FB: Absolutely. My approach before was always to separate them, but then I realised that I have done all this other very personal work on the side and on my own, that has been very present in my life and that people have no idea about – people think I’m the magazine guy, the guy who designs bottles and commercials. The book is arranged in chapters that represent my philosophies that I’ve established over the years and the things that are recurrent throughout my career. I wanted to put something from the 1980s next to something from the 2000s and show the similarities between them – why I think this way and not another way, and why that makes me who I am.
TC: This is quite a progressive, creative and visceral way of creating a book. There are also very poetic chapter subtitles – did the words come after you’d edited the images or did the images follow the themes?
FB: A little bit together. Some of the words changed but the chapter themes came automatically. I knew exactly what should stand out and what I felt really said who I am. So it was fairly obvious what to do and how to organise it. But then some work came after all the chapters were decided, so it was a mix.
TC: It feels very intuitive.
FB: Yes – my mind works that way.
TC: There’s an enormous amount of visual material and imagery over these 200 pages but I’m guessing it’s actually a small proportion of the total work you’ve done. It must have been a tough editing job.

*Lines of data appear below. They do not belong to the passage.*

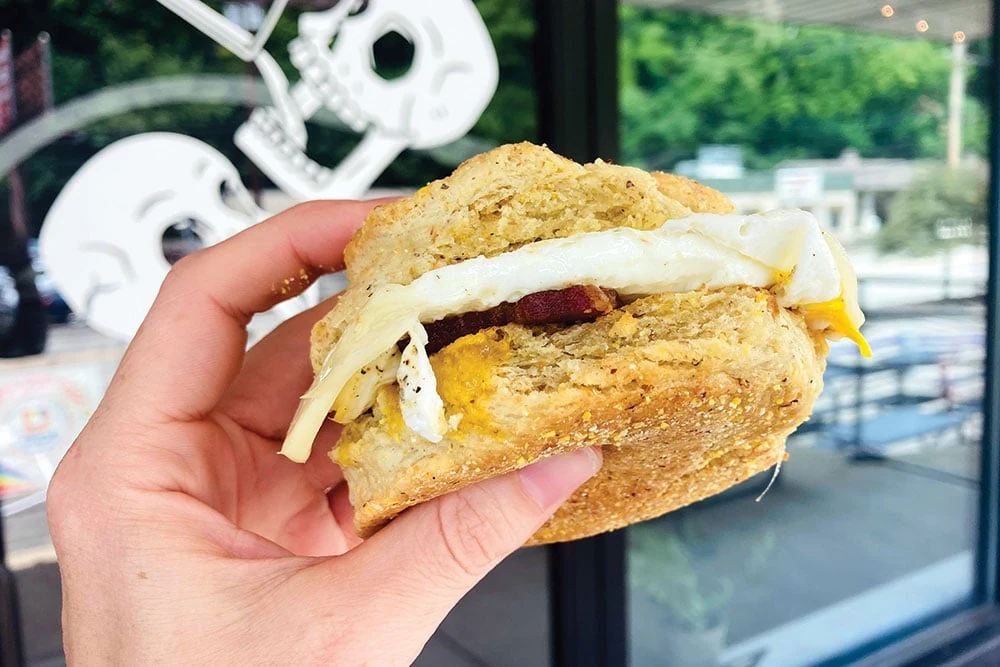 Bacon, Egg and Cheese Biscuit Sandwich at Wise County Biscuits & Cafe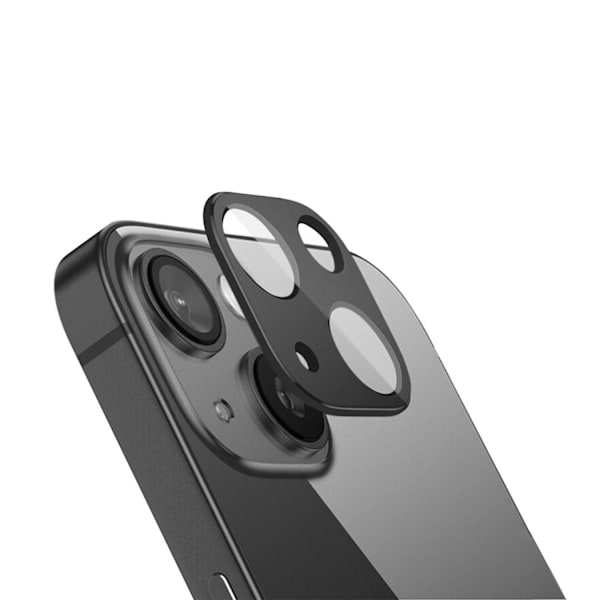holdit iPhone 14 / 13 Linsskydd Härdat Glas Svart 50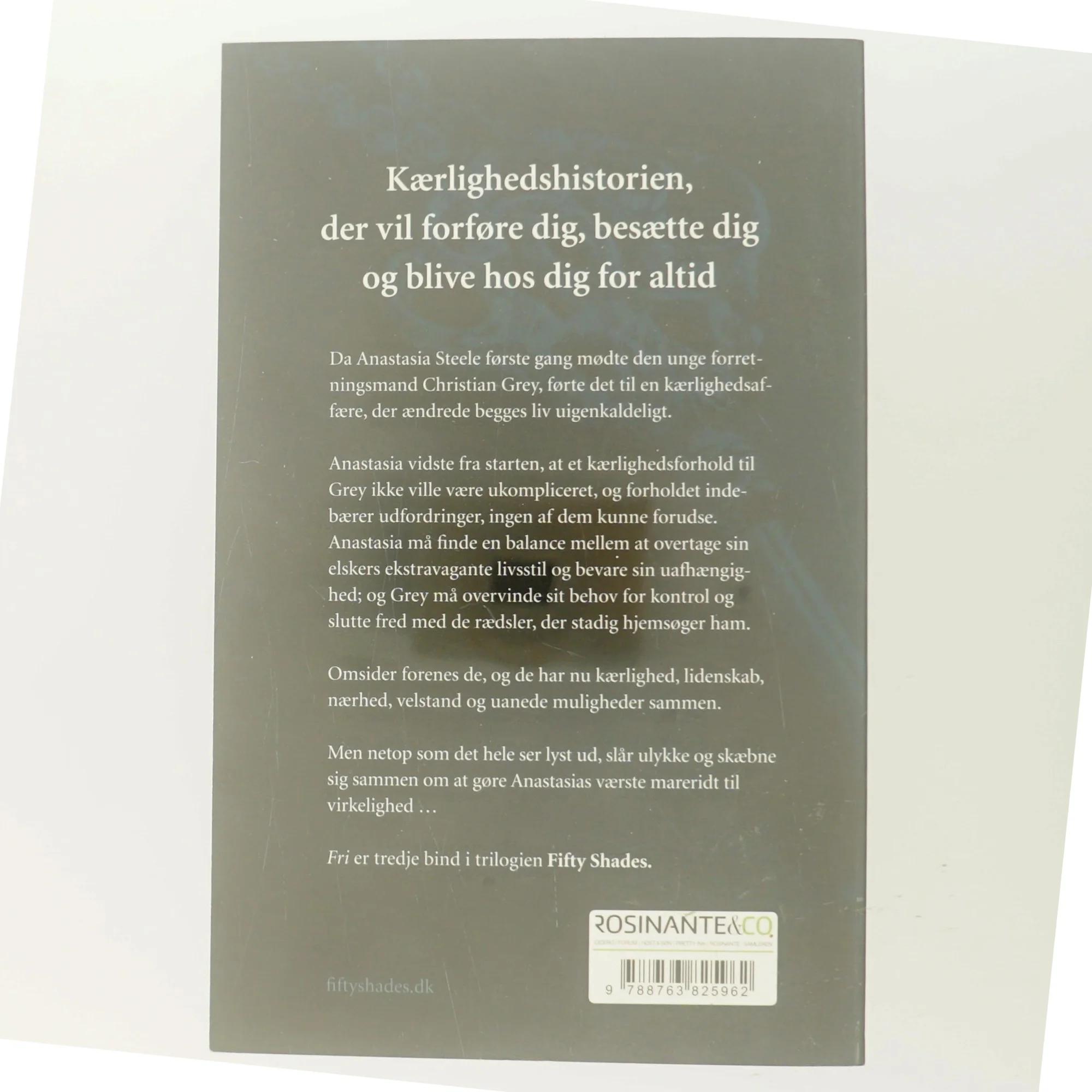 Fifty shades. Bind 3, Fri af E. L. James (Bog)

FB: Oh my god. It’s really been a nightmare putting it together – there are so many things that I really like that I didn't put in because I didn't feel it was carrying that idea. There’s less than 10 per cent of my magazine work shown and an even smaller proportion of my unpublished works such as the landscapes. Sometimes I’ve chosen only two pictures from a series of 500 or 700. I take pictures all the time. There are piles and piles of pictures and piles and piles of work.
TC: What was your design thinking and decision making on the format and the scale of the book?
FB: The size of the book was defined by the size of the magazines I’ve worked on. I didn't want any of the magazine spreads reproduced in the book to be bigger than how they appeared when originally published. That meant that the book automatically had a size.
TC: So what’s the biggest magazine format you’ve worked on?
FB: Interview. Also, I don't find oversized books easy to deal with. They are so hard to put on the shelf, it’s a nightmare for people to deal with. They’re really heavy and cumbersome to open. You have the book closed on the coffee table or stacked on the shelf and you never open it again.
TC: You say you’ve always gone back to magazines and they give you a freedom that is different to anything else. Do you feel that magazines still have a life? Are they still relevant?
FB: Yes, I think they can still be relevant, but they have to be done in a different way. Magazines cannot deliver the service in the same way that they used to. The service part went on to websites, to the internet as it’s quicker and faster. The news part is not relevant for a magazine anymore. Now it’s more about opinion. For magazines to survive they need more of an opinion, more of a strong direction and point of view.
The opinion-based content needs to be really opinionated, directional and the visuals need to be even more striking. I see the future of magazines as much more specialised and opinionated and with a tight point of view that people want to get attached to because they recognise themselves or they attach themselves to a certain type of trope.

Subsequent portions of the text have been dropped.